- [TASK TO COMPLETE]: Every line of the data is to be retyped exactly.

- [DATASET EXCERPT]:
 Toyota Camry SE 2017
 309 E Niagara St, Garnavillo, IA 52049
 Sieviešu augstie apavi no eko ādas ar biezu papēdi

- [OUTPUT FOR THIS TASK]:
 Toyota Camry SE 2017
 309 E Niagara St, Garnavillo, IA 52049
 Sieviešu augstie apavi no eko ādas ar biezu papēdi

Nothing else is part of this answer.